There, developers can quickly find information such as project descriptions, what programming languages are supported, how Google uses the technology, links to source code, license information, related projects and more.
While the projects site may be more attractive to individual developers, large enterprises and other organizations might be interested in the Docs, section, which is basically a copy of the company's own internal open source documentation, minus some information that can't be shared.
The Docs site includes three main sections, described by Google thusly:
- Creating covers how Googlers release code that they've written, either in the form of a new standalone project or as a patch to an external project. The same process is used for small 20 percent projects and full-blown Google projects.
- Using explains how Google brings in open source code and use it to help build products. Google carefully catalog thousands of packages to help maintain license compliance.
- Growing describes some of the programs Google runs inside and outside the company to support open source communities.
"For other companies that are releasing or using open source software, we want to share the lessons we've learned from many years of experience," the site says. "By being as transparent as we can about how we do open source, we hope to help others do the same.
"However, many of the things we do are unique to how Google operates and our engineering culture, so these should not be read as 'how-to' guides.
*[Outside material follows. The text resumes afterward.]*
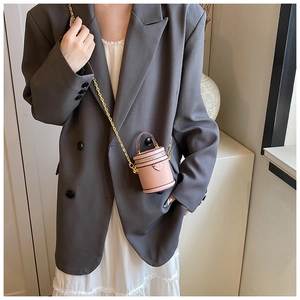 Detailed view of pink mini cylinder crossbody bag with gold chain strap on female model
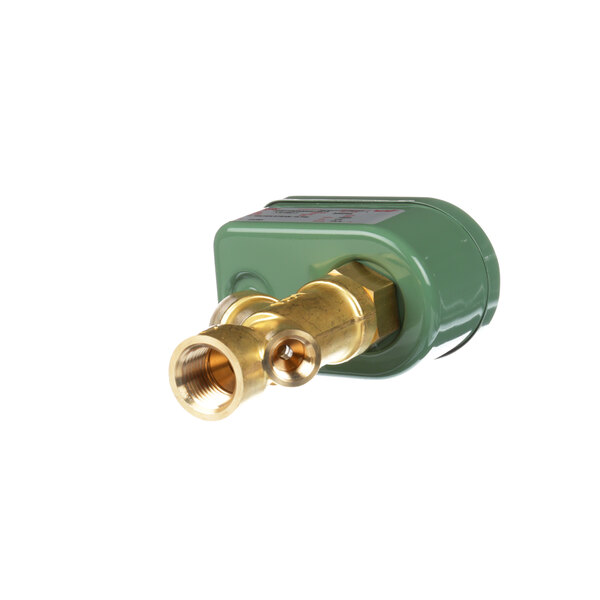 A green and gold Groen valve solenoid with brass fittings.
To hear from more companies deeply involved in open source, we recommend checking out the TODO Group."
In addition to describing how Google does open source, the Docs section also provides insights on why it does those things, Norris said, pointing to items explaining why the company only uses source code under certain licenses and why it requires contributor license agreements for all received patches. He also reiterated the aforementioned cautions about how Google's approach might not transfer to other scenarios.
"Our policies and procedures are informed by many years of experience and lessons we've learned along the way," Norris said. "We know that our particular approach to open source might not be right for everyone -- there's more than one way to do open source -- and so these docs should not be read as a 'how-to' guide. Similar to how it can be valuable to read another engineer's source code to see how they solved a problem, we hope that others find value in seeing how we approach and think about open source at Google."
According to a report published last September by GitHub Inc., Google is among the organizations with most contributors to its open source code repository and hosting service. With 12,140 contributors listed at the time, Google trailed only Microsoft (16,419), Facebook, Docker and Angular.
David Ramel is the editor of Visual Studio Magazine.